What does fashion do to us? A group of ZHdK Master of Art Education students specialising in curating have questioned various social stereotypes and set in motion a rethinking process: Emerging from a teaching project, the exhibition “UNLABEL: Fashion Beyond Categorization” at the Museum für Gestaltung Zürich, transforms queer theory into exhibition practice.


Fashion seems ubiquitous. On posters, on the web, in social media: Fashion models beam at us with broad smiles wherever we look. “We don’t only wear clothes to protect ourselves against the cold, wind and weather. They also create identity. But fashion often embodies very conservative role models,” says Lena Seefried, the student project manager of the exhibition “UNLABEL: Fashion Beyond Categorization.” “We consider reinvigorating the social discourse on origin, identity and gender highly urgent.”

From sex toys to haute couture

Theoretical fundamentals, the concerns of the LGBTIQ* movement as well as current positions from fashion design and art form the core of the exhibition. “Queer theory deals with the most diverse forms of discrimination. ‘UNLABEL’ takes up this concern, without patronising vistors but instead aiming to open up spaces of possibility,” says Brooke Jackson on behalf of the curatorial team. From the modular sex toy, which is supposed to appeal to as broad a spectrum of people as possible under the term “Genderfull Design,” to the haute couture collection, one theme in particular runs through the exhibition: the questioning of gender constructions. What does this mean? “The knitted oversized sweater designed by Jacqueline Loekito is a good example. It seems so dominant and sculptural that its wearer’s gender disappears behind the garment and becomes irrelevant,” explains Brooke. Flowing dresses and fabrics are as much a focus as classic girl’s colours, which are newly connotated on male wearers. “Fashion is our starting point, but our inquiry extends to other areas. This is evident in toys specially designed for boys or rather for girls,” says Johanna Spögler, a member of the exhibition’s educational team. Who am I? What does it mean to be a woman or a man? How can I present myself beyond role models?
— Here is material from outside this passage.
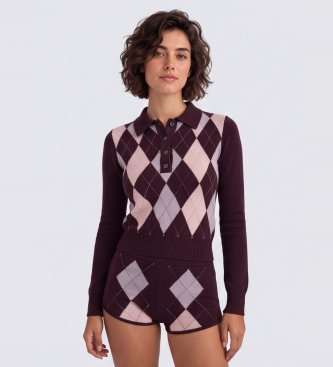 Guess Polo a quadri lilla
The collection “Bold is my favourite colour” by Julian Zigerli was created in association with the photographer Walter Pfeiffer (2018). Photograph: Claude Gasser

Veiling and revealing

From the idea to the exhibition opening, the 18 students participating in the project have also achieved a lot in terms of organisation and communication. From the outset, the scenographic team worked closely with the curatorial team so as to enable visitors to experience the discourse in the exhibition’s architecture. “Our basis was the veiling and revealing of identity, where fashion is a means of self-expression,” says Leslie Ospelt from the scenographic team. “We have developed this theme into a game with simple wooden frames and different materials such as fabrics, tarpaulins and lacquer foils, which lend character and create references to the discursive positions. The audience is invited to question stereotypical identities and to participate in several events: “Cut It Out!,” “Body Experience” and “Pretty Pink, Baby Blue”. Or as Brooke puts it: “We are labelled with fashion, and our goal is to prise open this categorization.”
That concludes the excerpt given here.